4-20:「祭り:2」
4-20:「祭り:2」
満月は屋台をぜんぶ回る、と意気込んではいたものの、それはさほど難しいことではなかった。
雨ごい祭りはそれほど大きなお祭りではないので、屋台の数もそこまで多くはないからだ。
だが、すべての屋台を回りきるころ、丈士は両手にいっぱいの荷物を持つことになっていた。
4人分の買い物をすべて丈士が荷物持ちとして受け持ったからだったが、満月は「食べ比べです! 」などと言って同じモノを別の屋台で複数買ったり、外見からして絶対にたくさんは食べられなさそうなゆかりが、あれもこれも、と買いまくったりしたことが大きかった。
満月はそれなりに食べる方なので、焼きそば2パック、クレープ、イカ焼き程度、食べきれないことはないはずだったが、ゆかりの、たこ焼き、お好み焼き、からあげ、チョコバナナ2本、大判焼き4つ、というのはあきらかに買い過ぎだった。
とても、ゆかりの華奢な身体に入りきるとは思えない。
丈士は、「本当に買うの? 」と念押しをしたのだが、「あなたは黙っていてください」と、ゆかりはツンとした態度で取り合わなかった。

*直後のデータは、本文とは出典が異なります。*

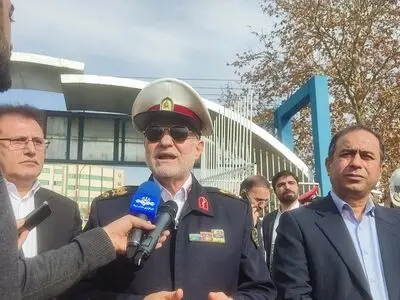 اتوبوس‌ها، بزرگترین تولیدکننده آلودگی هوا هستند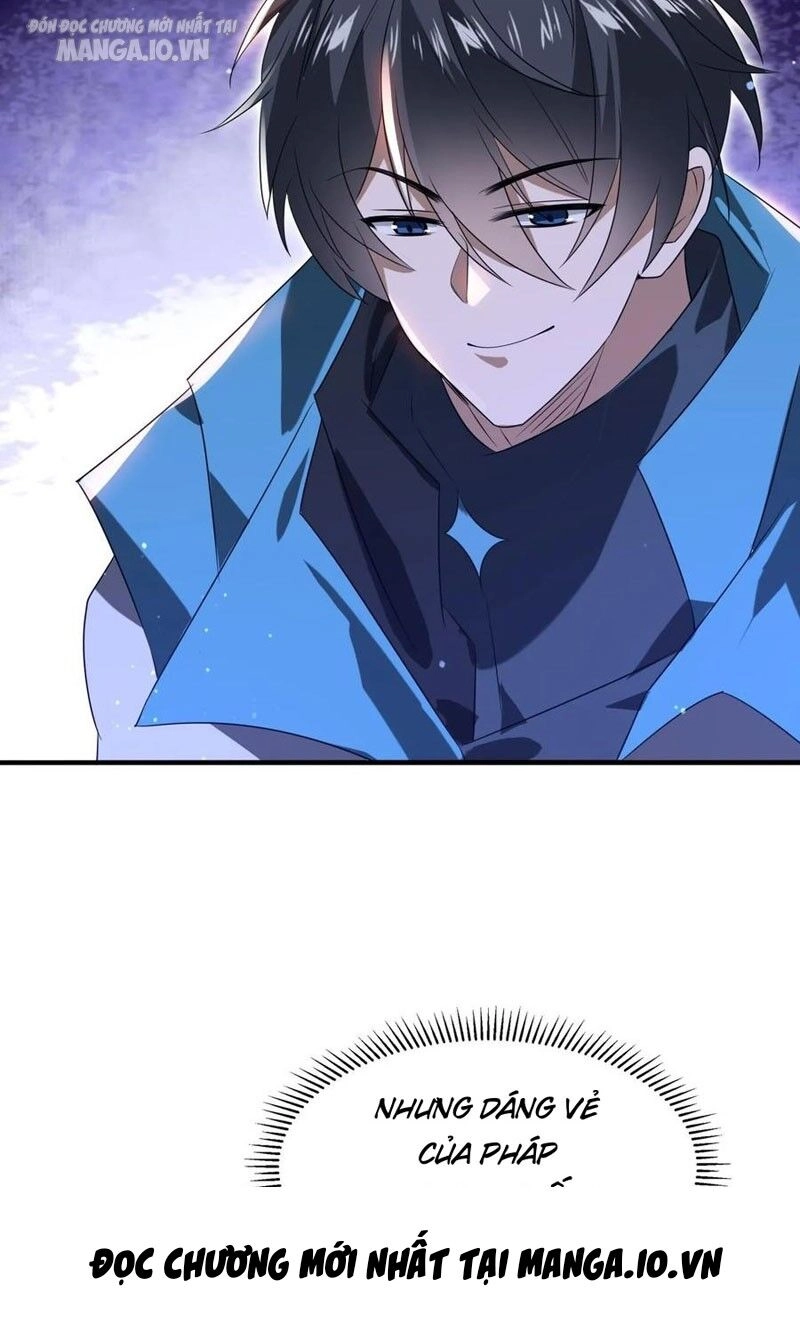 Tích Trữ 10 Vạn Vật Tư Trước Ngày Tận Thế Chapter 94 - 18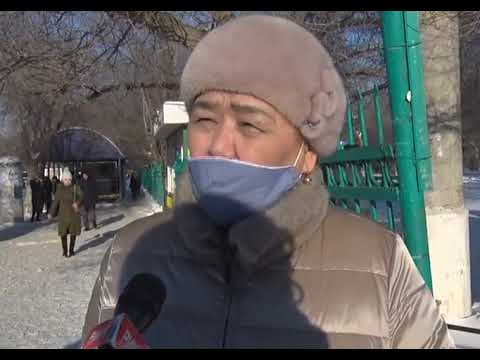 Видео: Все меньше автобусов на линиях, все больше интервал движения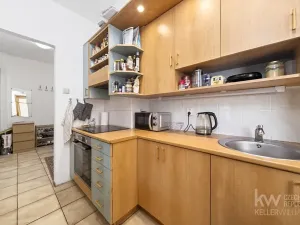 Prodej rodinného domu, Praha - Krč, Na strži, 224 m2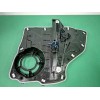 Recambio de elevalunas trasero izquierdo para ford focus iv (hn) 1.0 ecoboost referencia OEM IAM JX7BA27001CC JX7B14553BA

どうもゆかりは、おごると言った丈士を破産させてやる、とか、あるいはやけ食いでもするつもりでいるようだった。
もちろん、丈士は自分と星凪の分も買ってある。
たこ焼きに、焼きそばに、じゃがバターに、クレープが2つ。
ついでに、フランクフルト1本とドーナッツも買った。
屋台巡りを終えた4人はそのまま、満月の自宅にあがらせてもらった。
この近くで4人が集まれる場所と言えば神社か満月の自宅だけで、今日は満月の提案でゆっくりおしゃべりでもしようということになっている。
満月の自宅にあがった丈士たちが通してもらった客間で折り畳み式の簡易机を広げ、買って来たモノを並べている間に、満月が人数分のお茶を用意してくれた。
そうして、楽しいおしゃべりが始まった。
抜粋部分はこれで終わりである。